While David Warner set a powerful example for the Australians in the second innings after Renshaw's dismissal, staying light on his feet to either spring forward or snap back, the height differential of the two left-handers offers an insight into how every batsman must find their own way forward.
"You hear him talking in the media and he talked a lot about it in the change-rooms as well - just being light on his feet," Renshaw said. "You could see the difference from his first innings to the second innings, how light on his feet and how easy it was for him to move out to the ball and then back as far back as possible. You hear the greats talk about batting in the subcontinent and it's trying to get to the ball and smother it or get right back and play it as late as you can.
"[Warner has] probably got the lighter-on-his-feet advantage but I've got the reach advantage. I can reach quite far towards where the ball's pitching. He might run down at one whereas I can just defend. It's about working what's best for us but also working at it as a team and trying to be the best team we can be."
The contrast, of course, is likely to serve the Australian openers well back home during the Ashes in November, when the lengths of the England pacemen will need to be adjusted for every delivery. "You see it a lot with right-handers and left-handers, how tough it is for bowlers to adjust their line," Renshaw said. "I'm not a bowler myself but I know that it's probably tougher to find your length especially against someone who's as tall as me and as short as Davey."
For now, however, the Australians need to find a way to prevail in the second Test and square a series that always loomed as dangerous in the aftermath of the pay war.
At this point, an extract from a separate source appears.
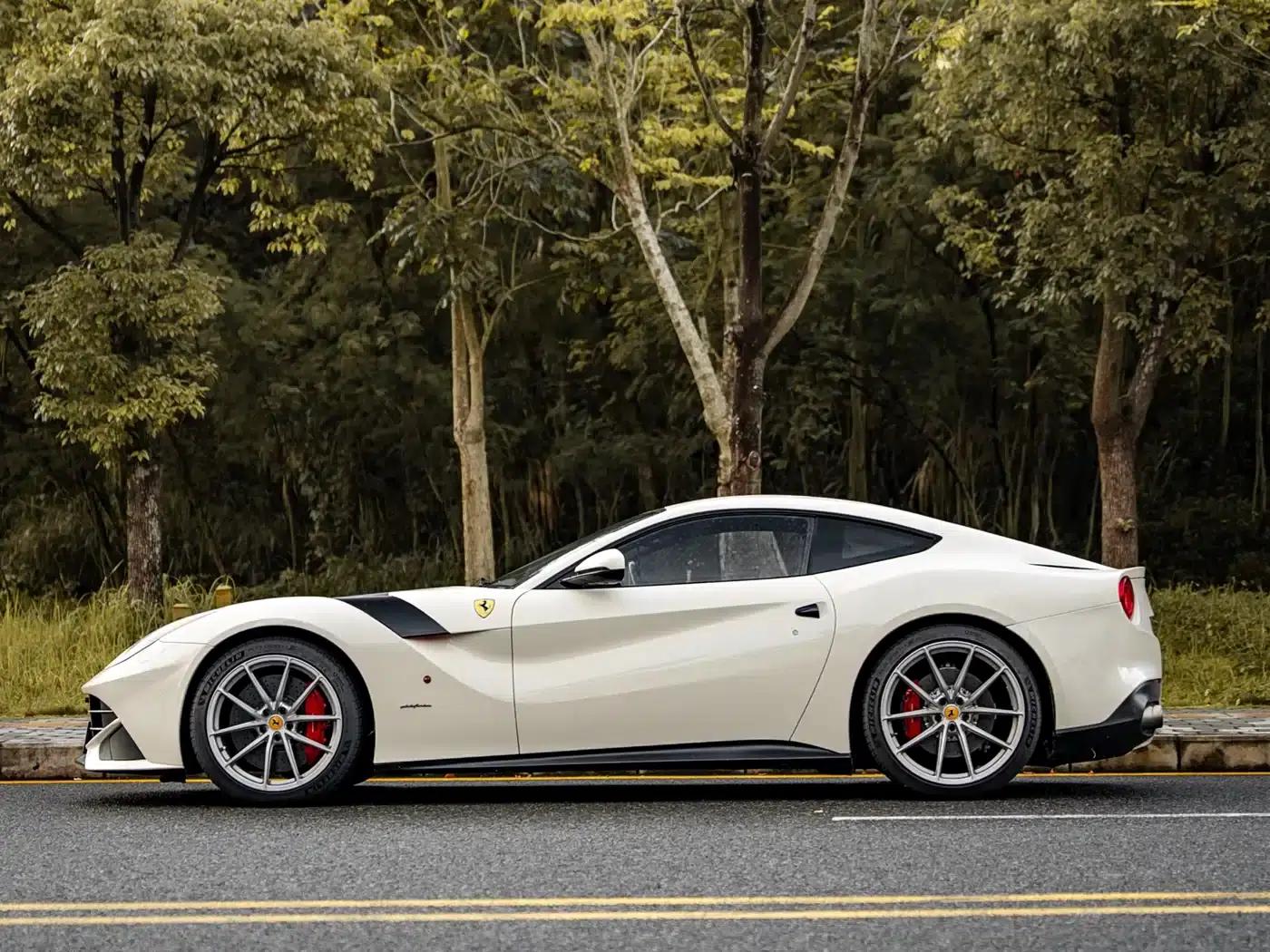 2013 F12berlinetta 6.3L Standard Model — миниатюра 12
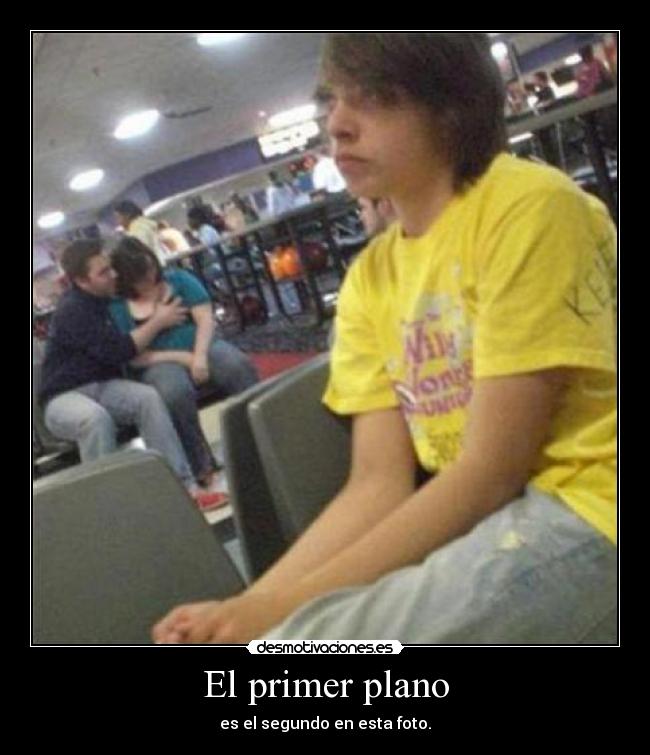 El primer plano - es el segundo en esta foto.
In addition to wily spin bowlers and tinder dry pitches, the challenges have included enervating heat and humidity besides, for Renshaw, a second bout of stomach troubles in as many Asian tours.
"It's pretty disappointing to lose any Test match whether it be at home or away from home but I think the mood's pretty good," Renshaw insisted. "We know what we've done wrong in the first Test, so we're just looking forward to righting those wrongs in the second Test and hopefully win and tie the Test series.
"I always try and go into any game of cricket just with an open mind and try to enjoy the challenge. You have the challenge of facing a quick bowler on a seamer and you have the challenge of facing the best Test allrounder in the world over here. I think it's just about finding that challenge and enjoying it because I find that when I'm enjoying my cricket, that's when I'm playing my best."
"I think the culture isn't too bad at the moment. We're all new to the team - Ash [Agar] played four years ago and came back and it's good to see that he's come back so well in that first Test. I think we're all just trying to learn. We're all quite young and we've all got a lot of cricket ahead of us, so we just want to try and learn off the senior players and try and help build a bit of our own culture."
A culture that includes playing the line.